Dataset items
■ ■ ■ ■ ■ ■ ■
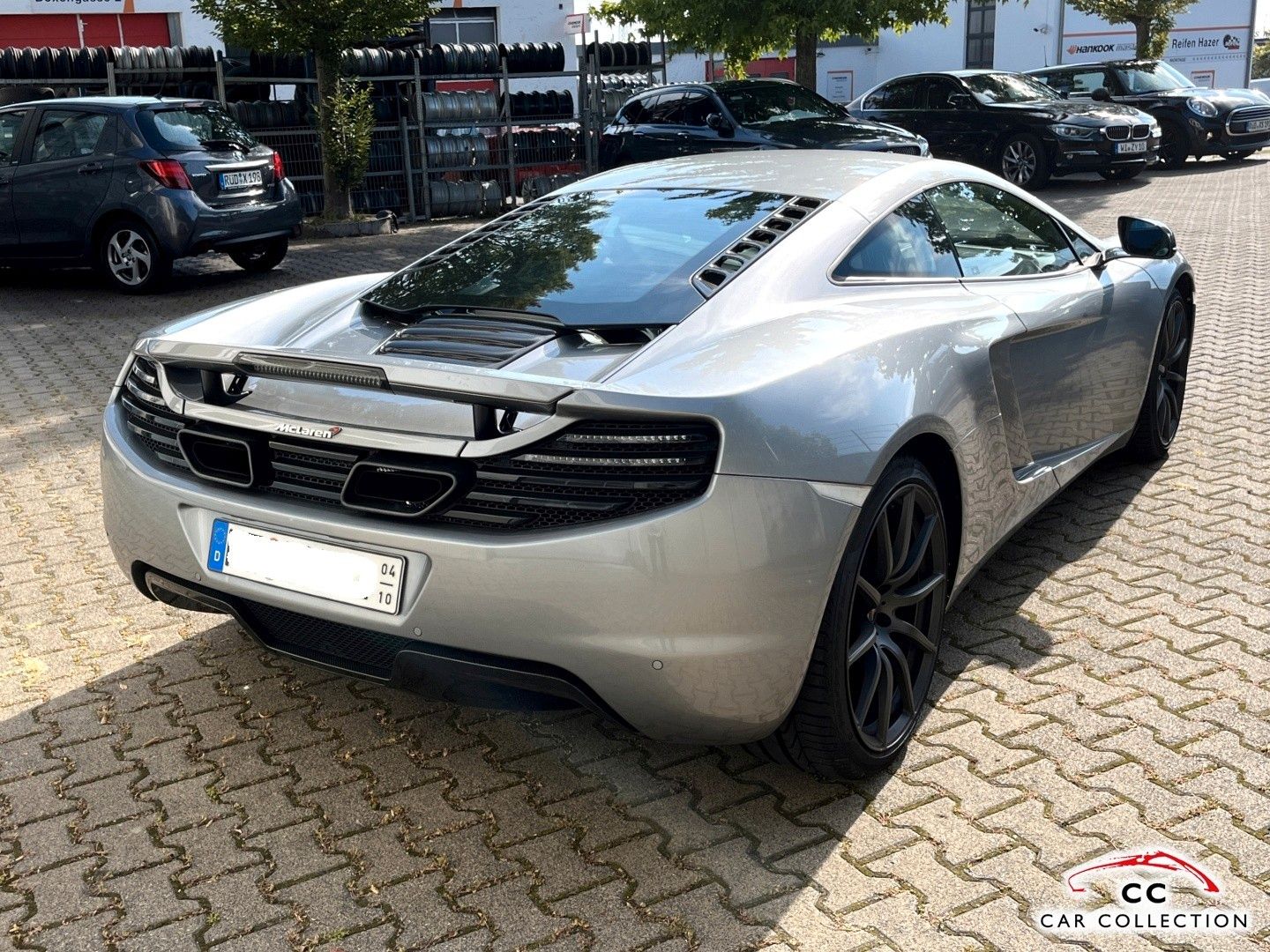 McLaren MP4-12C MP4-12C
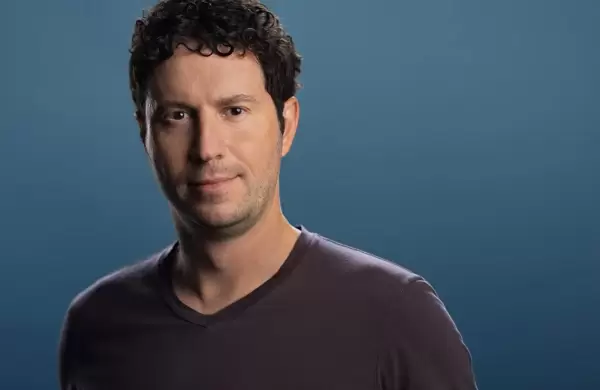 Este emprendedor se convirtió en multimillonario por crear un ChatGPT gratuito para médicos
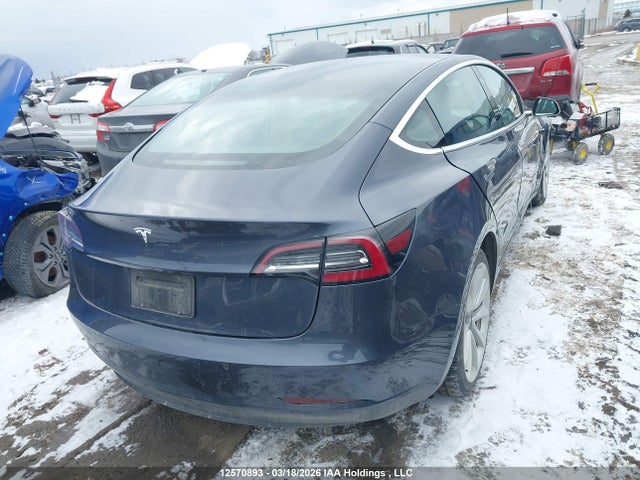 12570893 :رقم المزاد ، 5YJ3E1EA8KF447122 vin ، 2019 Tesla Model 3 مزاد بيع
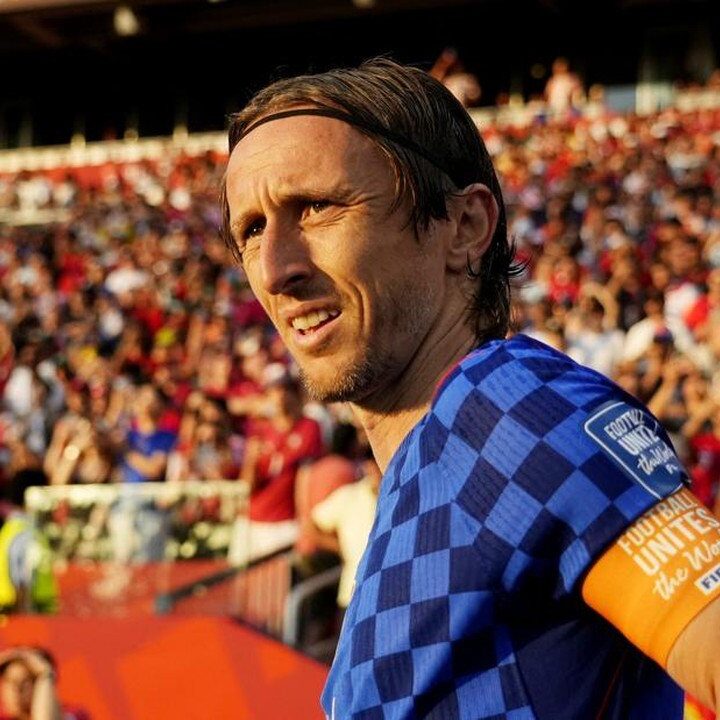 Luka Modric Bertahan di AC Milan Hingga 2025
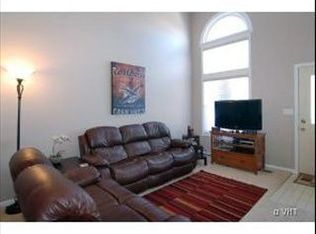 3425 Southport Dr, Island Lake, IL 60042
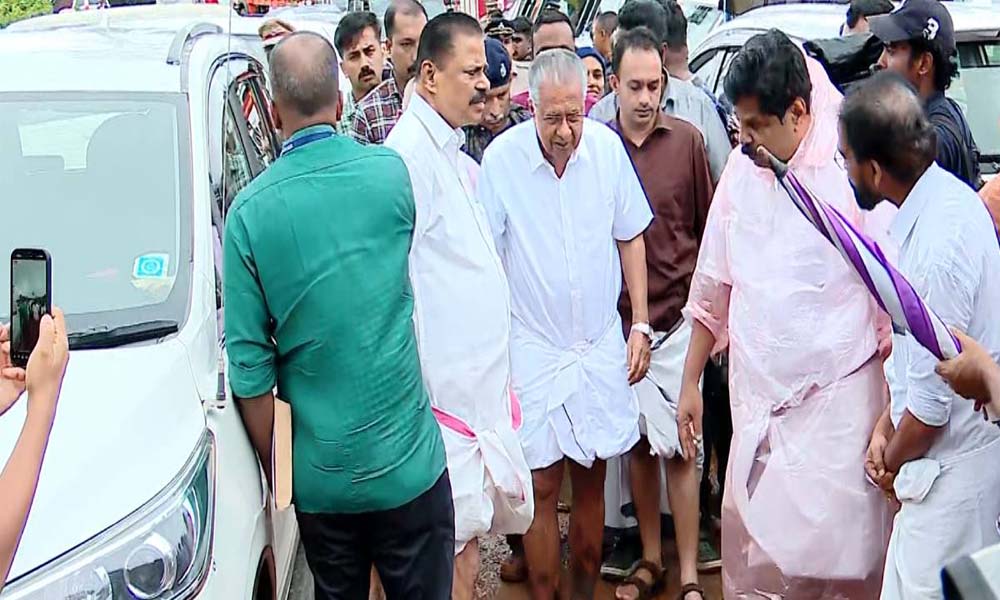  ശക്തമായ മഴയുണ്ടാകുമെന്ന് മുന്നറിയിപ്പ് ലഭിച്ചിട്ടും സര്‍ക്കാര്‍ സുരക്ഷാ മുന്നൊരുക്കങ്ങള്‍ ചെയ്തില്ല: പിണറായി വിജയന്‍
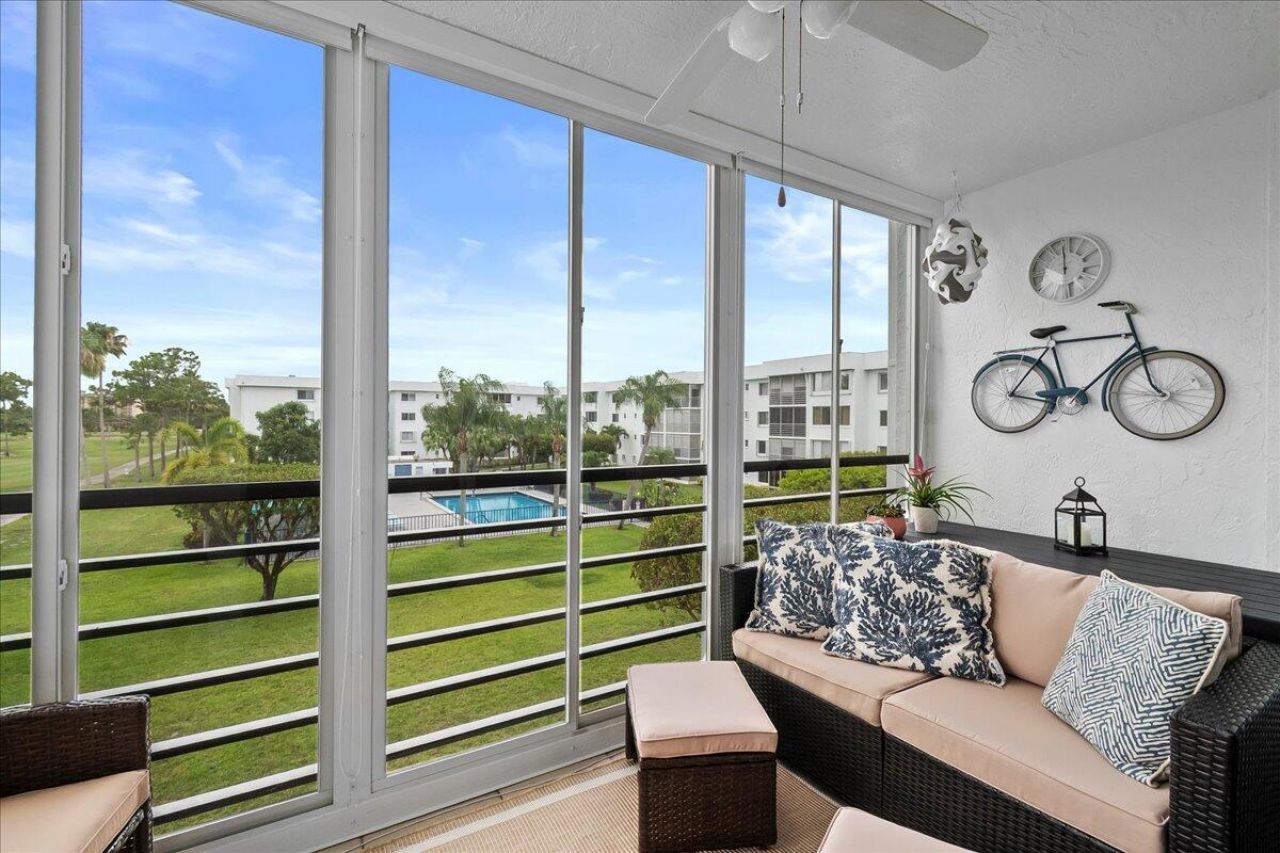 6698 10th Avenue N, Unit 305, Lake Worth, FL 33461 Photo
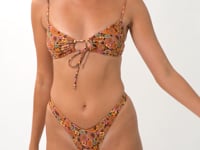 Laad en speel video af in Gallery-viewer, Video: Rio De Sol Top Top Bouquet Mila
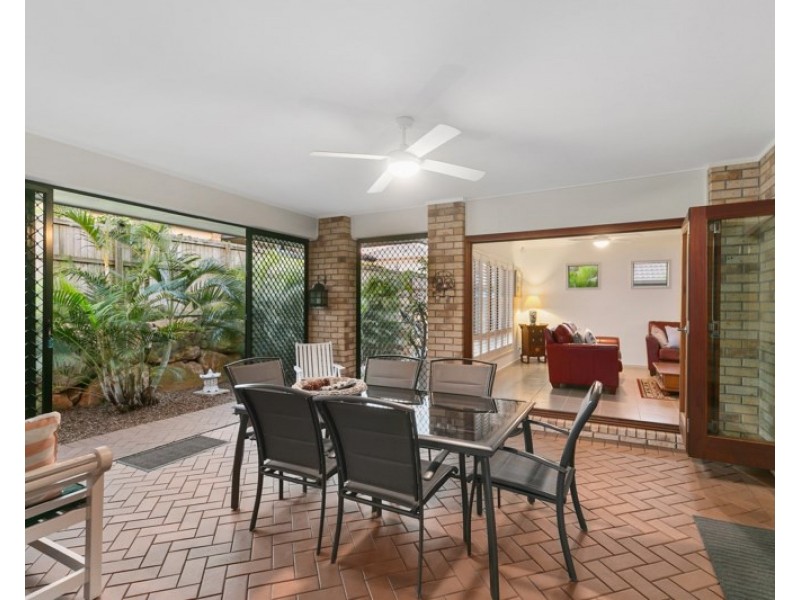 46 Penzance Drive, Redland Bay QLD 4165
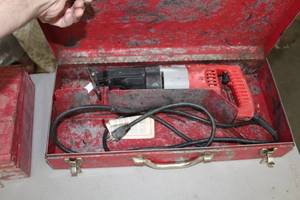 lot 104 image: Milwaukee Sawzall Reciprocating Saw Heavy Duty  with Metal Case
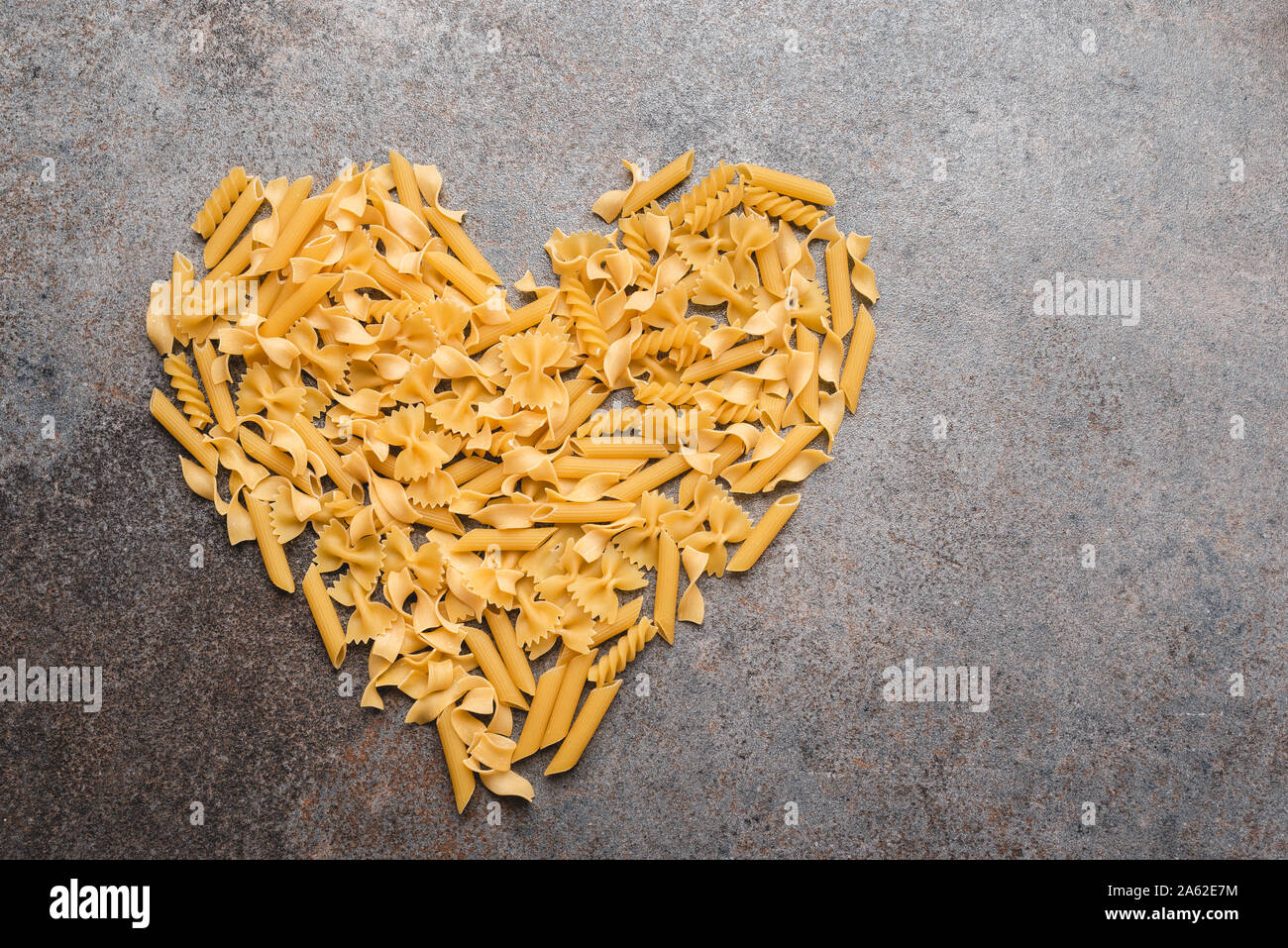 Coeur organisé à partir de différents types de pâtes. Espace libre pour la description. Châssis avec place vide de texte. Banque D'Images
■ ■ ■ ■ ■ ■ ■
• [PROBLEM REQUIREMENTS] An exact copy of all the lines above is required, with the pictures removed.

• [SOLUTION TO THIS EXERCISE]
 McLaren MP4-12C MP4-12C
 Este emprendedor se convirtió en multimillonario por crear un ChatGPT gratuito para médicos
 12570893 :رقم المزاد ، 5YJ3E1EA8KF447122 vin ، 2019 Tesla Model 3 مزاد بيع
 Luka Modric Bertahan di AC Milan Hingga 2025
 3425 Southport Dr, Island Lake, IL 60042
  ശക്തമായ മഴയുണ്ടാകുമെന്ന് മുന്നറിയിപ്പ് ലഭിച്ചിട്ടും സര്‍ക്കാര്‍ സുരക്ഷാ മുന്നൊരുക്കങ്ങള്‍ ചെയ്തില്ല: പിണറായി വിജയന്‍
 6698 10th Avenue N, Unit 305, Lake Worth, FL 33461 Photo
 Laad en speel video af in Gallery-viewer, Video: Rio De Sol Top Top Bouquet Mila
 46 Penzance Drive, Redland Bay QLD 4165
 lot 104 image: Milwaukee Sawzall Reciprocating Saw Heavy Duty  with Metal Case
 Coeur organisé à partir de différents types de pâtes. Espace libre pour la description. Châssis avec place vide de texte. Banque D'Images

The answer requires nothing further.